**Your objective**
Word for word, copy the lines from the one with "Kate Spade Cross-Stitch" to the last line of the data below, counting both, and keep every picture out.

[Extracted records]
------------------------------------------------------------
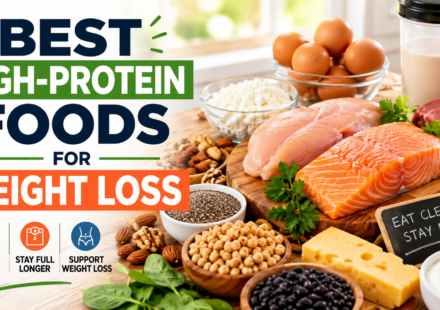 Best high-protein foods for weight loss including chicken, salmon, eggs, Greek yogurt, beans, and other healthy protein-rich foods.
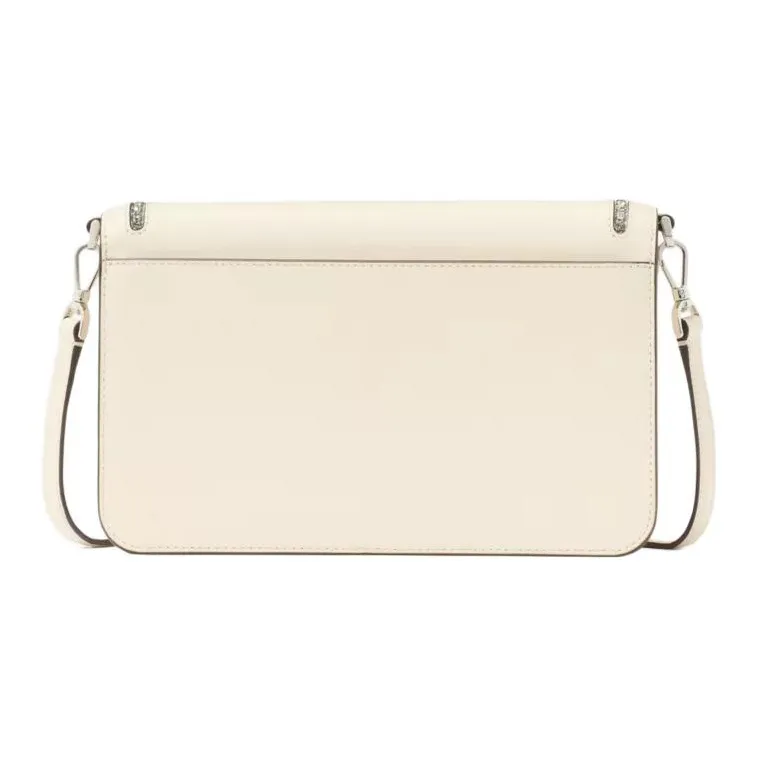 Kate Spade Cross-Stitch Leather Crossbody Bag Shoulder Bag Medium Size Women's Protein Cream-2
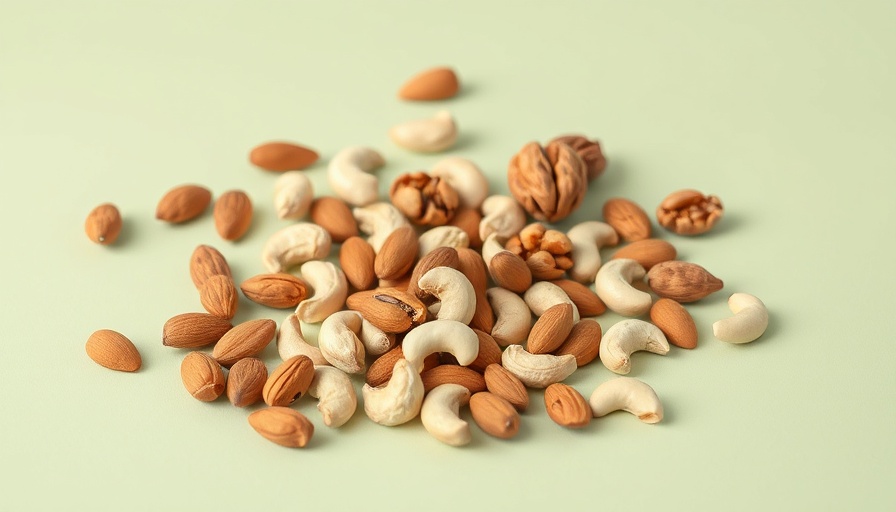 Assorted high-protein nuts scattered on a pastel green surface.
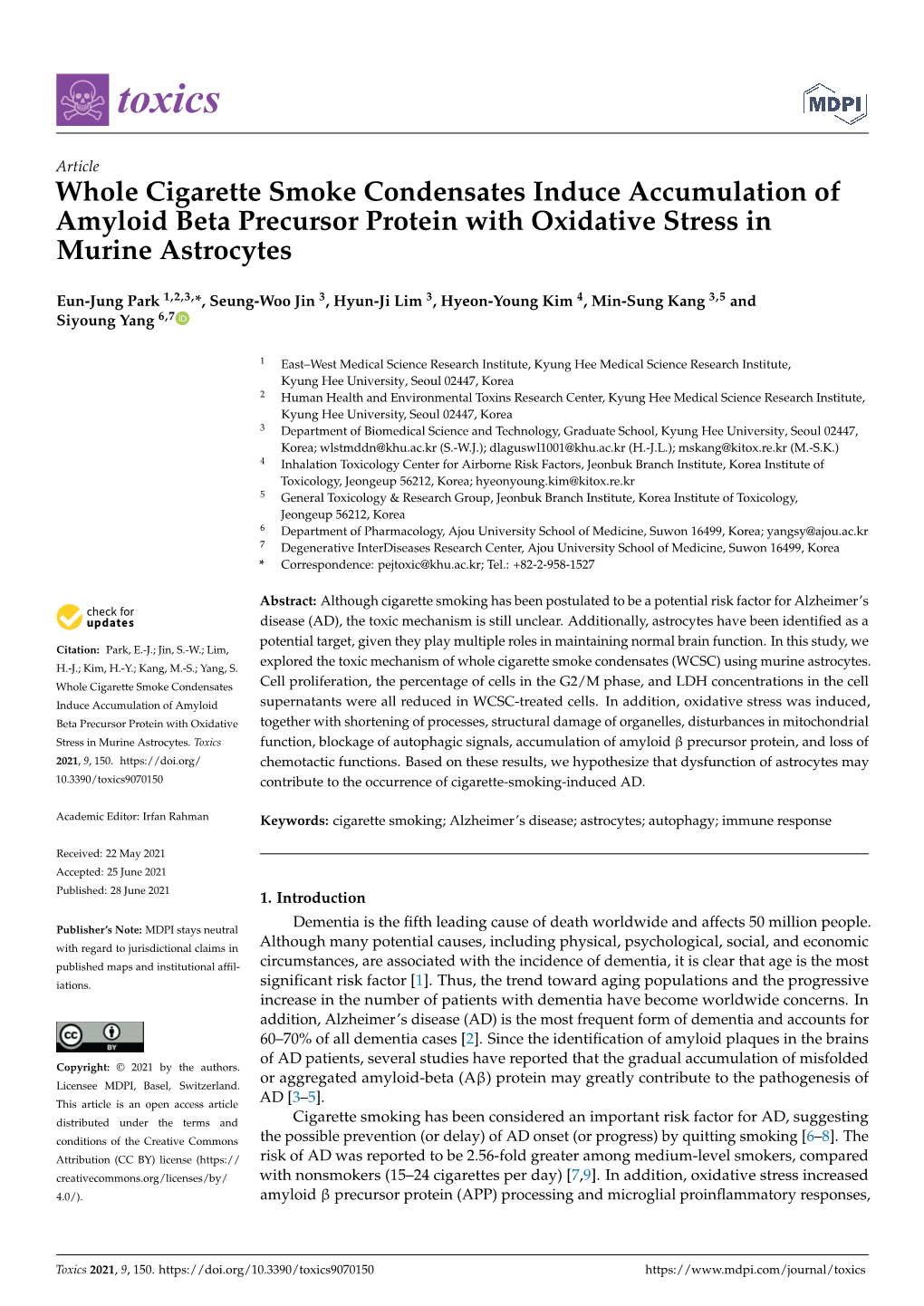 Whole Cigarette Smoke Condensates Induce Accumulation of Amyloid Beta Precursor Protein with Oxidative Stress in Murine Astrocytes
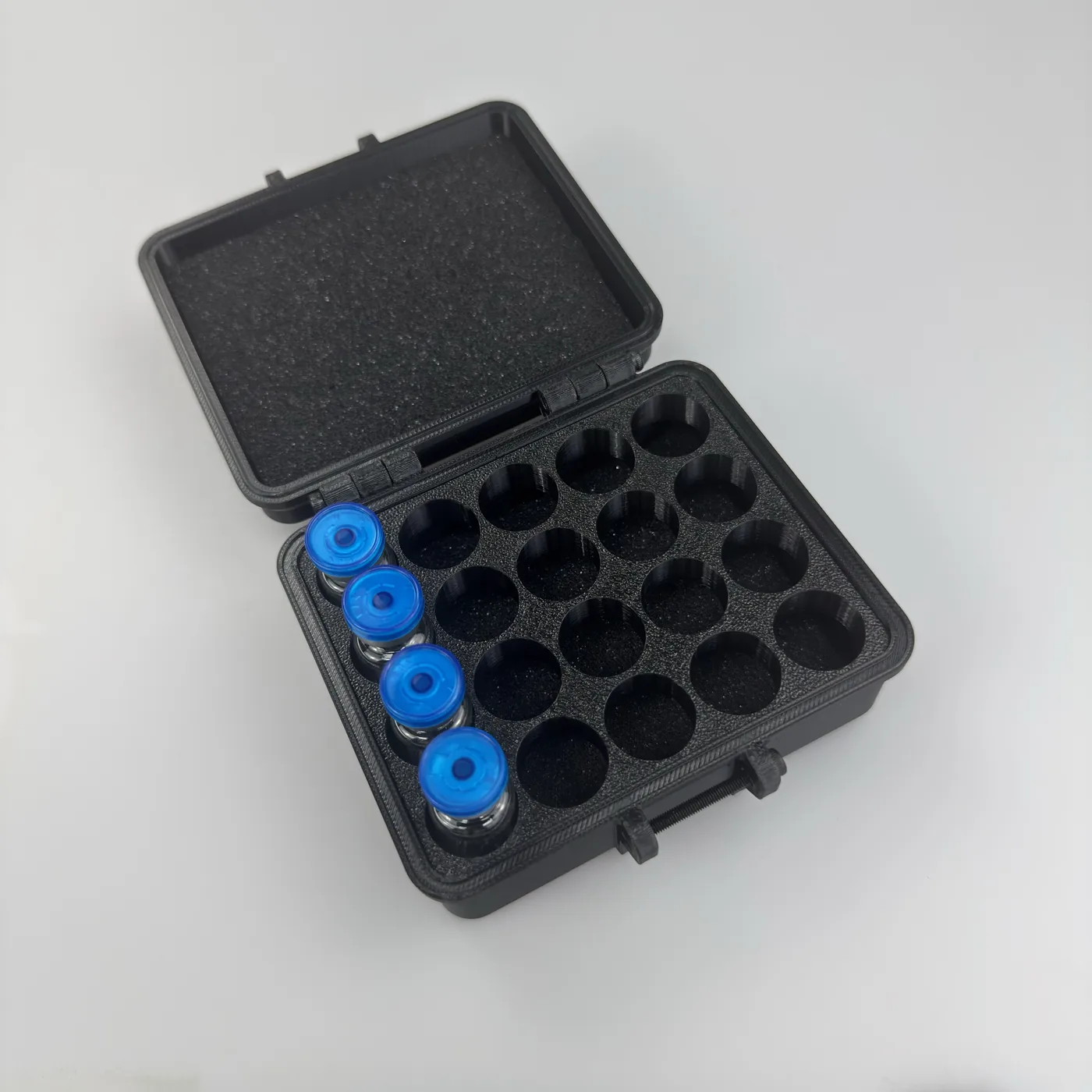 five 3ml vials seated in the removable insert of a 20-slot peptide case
------------------------------------------------------------
**Answer to this exercise**
 Kate Spade Cross-Stitch Leather Crossbody Bag Shoulder Bag Medium Size Women's Protein Cream-2
 Assorted high-protein nuts scattered on a pastel green surface.
 Whole Cigarette Smoke Condensates Induce Accumulation of Amyloid Beta Precursor Protein with Oxidative Stress in Murine Astrocytes
 five 3ml vials seated in the removable insert of a 20-slot peptide case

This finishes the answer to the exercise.